Financial Times writer Susannah Savage reported yesterday that, "The price of corn has tumbled to a three-year low as supplies from the US and Brazil surge while demand stagnates, helping…
Nate Kauffman and Ty Kreitman, writing in last week’s Ag Credit Survey from the Kansas City Fed, noted that, “Farm income and producer liquidity cooled in recent months alongside lower commodity prices. Nearly half of respondents in the third quarter survey reported that farm income and borrower liquidity were less than a year ago, the highest share since 2020. Farm financial conditions have softened from considerably strong levels as prices of key commodities have moderated.”
The Ag Credit Survey indicated that, “Prospects for income were comparably worse in some states, depending on their industry concentration. Farm income was higher than a year ago in states more dependent on cattle production such as Oklahoma and the Mountain States. In contrast, conditions deteriorated at a moderate pace in Kansas and Nebraska which have many areas dependent on revenue from corn, soybeans, and wheat.”

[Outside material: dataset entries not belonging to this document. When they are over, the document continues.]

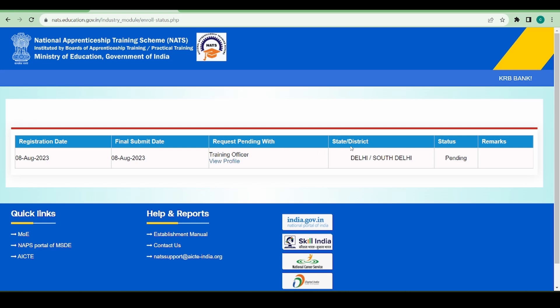Now you can see I have finally submitted my profile on August 8th and the request is pending with training officer with the state Delhi and South Delhi district. The status is pending. So now I have to wait for the approval of this particular establishment from this training officer.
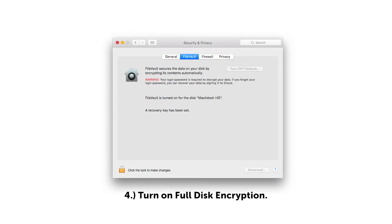Number four: turn on full disk encryption. If a device has been stolen or lost, it's critical to make sure that your data on that system cannot be accessed.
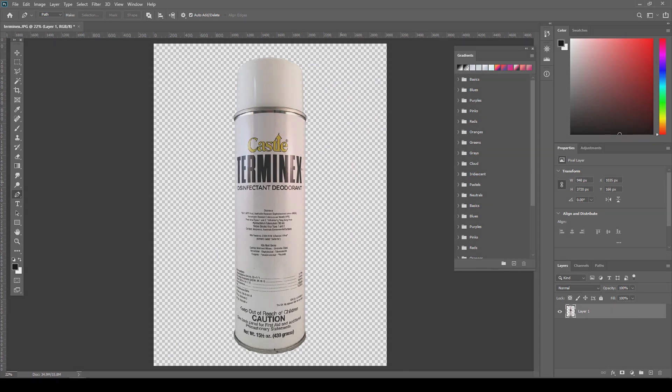I can export it as a PNG, TIF with layers—I think even a PDF would work. But there you go, you've got a cropped image in Photoshop.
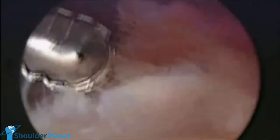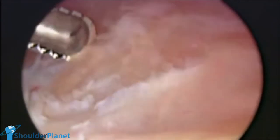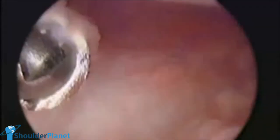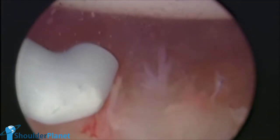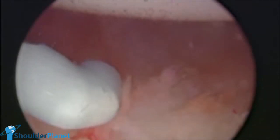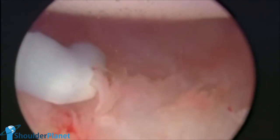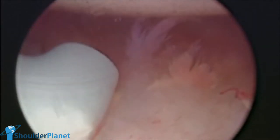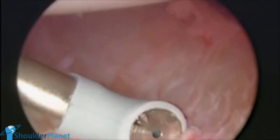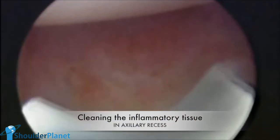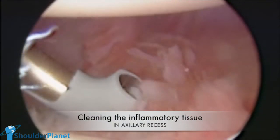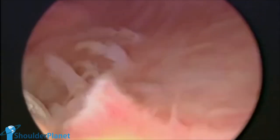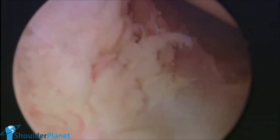We used a Kelly clamp to open the capsule in a very standard way, then we entered with a shaver just to debride the inflammatory tissue and the synovitis in the axillary recess and in the region of the posterior inferior glenohumeral ligament. There was a lot of inflammatory tissue especially because the patient had dislocated his shoulder 15 days before the surgery. So we would have to remove all the synovitis and all the inflammatory tissue in the axillary recess. We continued that with a radiofrequency device, removing all the synovitis and inflammatory tissue, in order to find the HAGL lesion more easily.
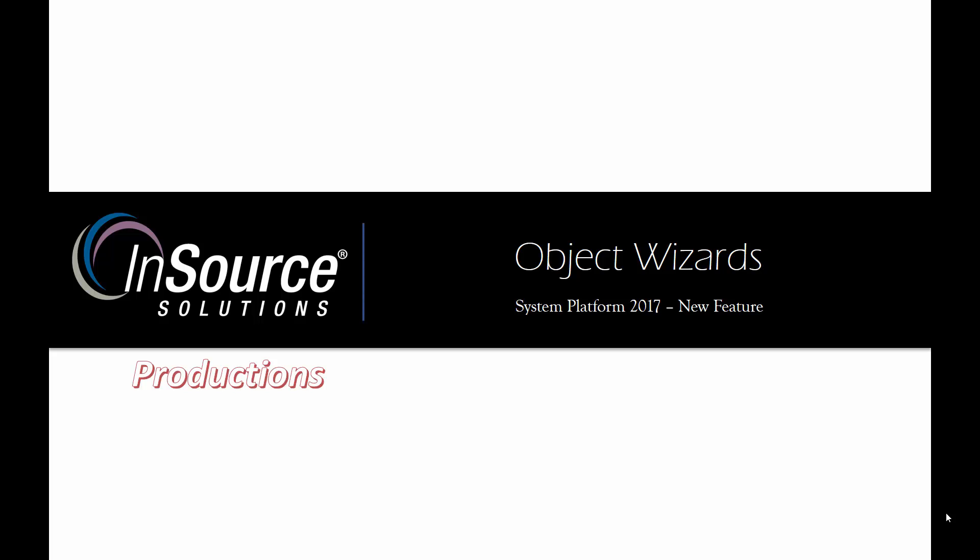Hello, my name is Dylan Pereira, and in this video from InSource Productions, I want to talk about a new feature available in System Platform 2017 called Object Wizards.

With respect to interest rates, the Kansas City Fed pointed out that, “The moderation in agricultural credit conditions has coincided with a rapid rise in farm loan interest rates.
“The lowest average rates offered on non-real estate and real estate farm loans has increased about 400 and 300 basis points, respectively over the past two years.”
The highest average rates have grown by a similar amount with many borrowers paying a rate of interest on farm debt above 10%.
The Survey added that, “Despite the rapid rise in interest rates and a recent moderation in the farm economy, agricultural real estate values held firm. The value of nonirrigated cropland was about 5% higher than a year ago and cash rents on those acres increased by about 2%.
“Irrigated and ranchland values grew by about 10% and, while cash rents on irrigated acres increased, rent charges on ranchland were lower than a year ago.”
Recall that earlier this month, the Chicago Fed indicated that third quarter farmland values increased 5% year-over-year.